Pode-se até exprimir os principais casos em que o Dom do Entendimento descobre o oculto.

   Pode-se ocultar a substância sob os acidentes, como a sagrada Eucaristia; os acidentes eucarísticos são acidentes de pão e acidentes de vinho, mas sob estes acidentes oculta-se o Corpo e o Sangue de Jesus Cristo.    O Dom do Entendimento faz-nos penetrar através desses acidentes na substância de Jesus Cristo que ali se oculta. Houve santos dotados do sentido da Eucaristia, que adivinhavam a presença de Jesus Cristo onde quer que estivesse.
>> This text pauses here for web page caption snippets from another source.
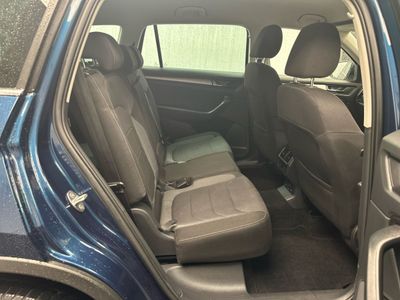 2019 Skoda Kodiaq
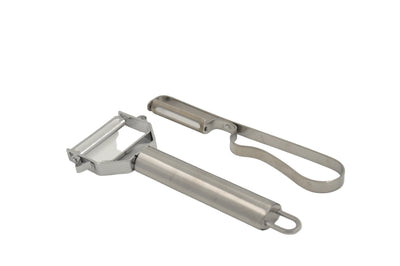Metal soyacak takımı - paslanmaz çelik, çok amaçlı, Bıçakçı Naim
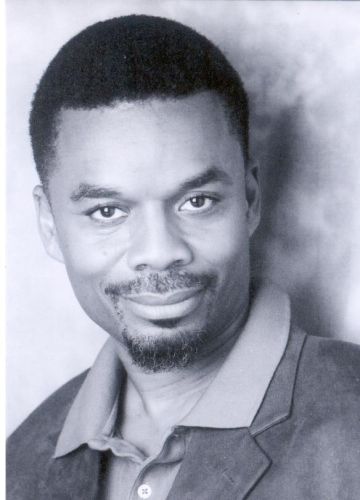 Roderick Wilmore
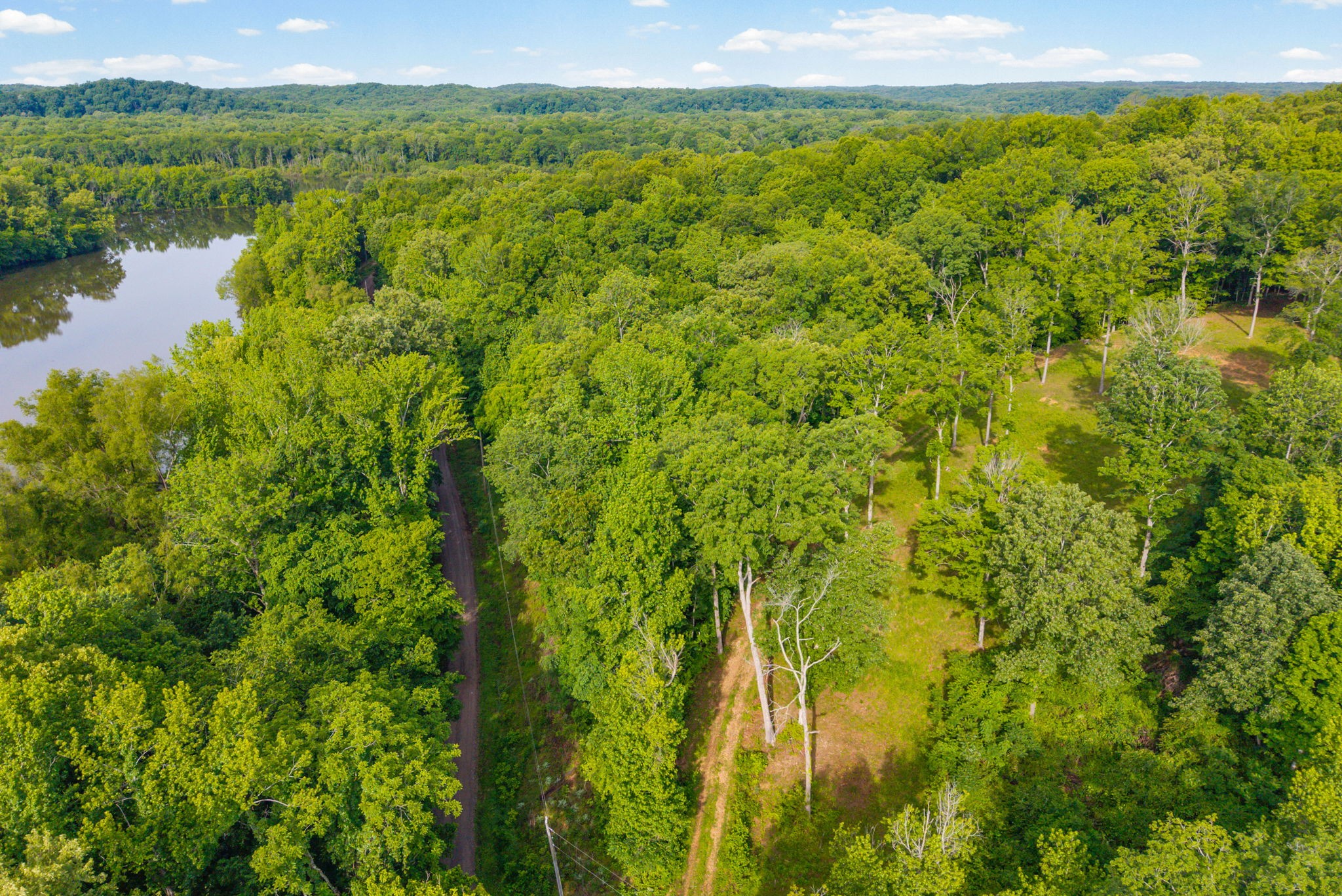 164 Lewis Circle Dover TN 37058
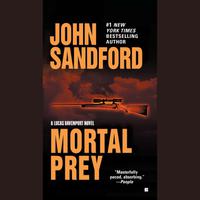 Mortal Prey - Abridged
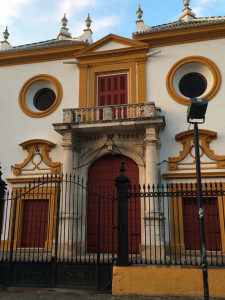 Plaza de toros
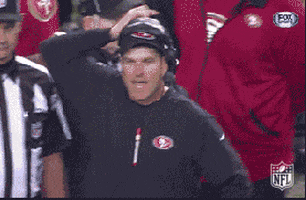 Jim Harbaugh GIFs - Get the best GIF on GIPHY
Era sem dúvida um efeito, um fruto do Dom do Entendimento: através dos acidentes descobriam a substância que se ocultava.
   Também os conceitos, as verdades, se ocultam sob as palavras. Nas Escrituras, quantas expressões difíceis de serem entendidas! E como sob essas expressões estão contidos verdadeiros mistérios, o Dom do Entendimento nos faz penetrar as palavras da Escritura para descobrir o que elas têm de oculto, para descobrir seu sentido misterioso e arcano.
   Nas figuras e nos símbolos ocultam-se as realidades; não nos diz, por exemplo, o apóstolo são Paulo que tudo o que acontecia aos israelitas no antigo Testamento era figura e símbolo da Nova Aliança? Não diz que a pedra de onde brotava a água era Cristo e que o maná era símbolo da Eucaristia? E não nos ensina o simbolismo de muitas das cerimônias da Antiga Aliança? Sob as figuras está contida a coisa figurada ou significada, e o Dom do Entendimento descobre sob os símbolos as coisas que simbolizam.
   Sob o visível se oculta o invisível e o divino. Temos um exemplo disso no mundo material: está cheio de Deus. Acaso não diz a Escritura que os céus contam a glória de Deus e que a terra está cheia de sua majestade? No capítulo anterior, disse que em cada criatura há uma centelha de Deus e recordava aquela estrofe sublime de são João da Cruz:

“Mil graças derramondo,
passou por estes bosques com presteza,
e, tendo-os olhado,
com sua simples figura
deixou-os vestido de sua beleza”.

   O mundo está cheio do divino, o deve ter visto Adão no Paraíso antes da culpa, como o viram os santos; já disse com que olhar profundo e celestial Francisco de Assis via todas as coisas criadas. Mas para descobrir o divino que o visível oculta, há necessidade do Dom do Entendimento.
   Sob as causas ocultam-se os efeitos. Os Sacramentos são causas da graça; exteriormente. os Sacramentos não são mais do que coisas visíveis: um sacerdote que derrama água na cabeça de uma criança, dizendo-lhe palavras misteriosas; o Ministro de Deus que estende a sua mão consagrada sobre o pecador arrependido e lhe diz: eu te absolvo em nome do Pai e do Filho e do Espírito Santo.
Mas sob estas coisas, sob estas causas aparentemente sem transcendência, realizam-se verdadeiros prodígios. Se soubéssemos o que se realiza quando um pecador se justifica! Santo Tomás de Aquino não vacila em dizer que a justificação de um pecador é uma obra mais importante do que a criação do mundo.
   Nos acontecimentos humanos escondem-se os desígnios providenciais de Deus. No último dia dos tempos e lá no céu eternamente, contemplaremos o sentido profundo da História humana. Agora vemos as coisas de maneira fragmentária e imperfeita, o porquê da guerra, o porquê das catástrofes, o porquê das vicissitudes tremendas que há na História. Agora com dificuldade podemos dizer algo acerca desses acontecimentos porque sabemos que são regidos pela divina, pela sapientíssima providência de Deus.
   Mas no céu compreenderemos o sentido profundo da história; então saberemos com perfeita exatidão o porquê de todos os acontecimentos humanos. E então louvaremos a Deus tanto pela paz como pela guerra, tanto pela dor como pela alegria; porque tudo é feito com número, peso e medida, tudo é disposto com admirável sabedoria.
   Pelo Dom do Entendimento, desde a terra começamos a penetrar nessas coisas ocultas, pois o Dom do Entendimento penetra em todas as verdades sobrenaturais e descobre o que está oculto qualquer que seja o invólucro sob o qual se esconde.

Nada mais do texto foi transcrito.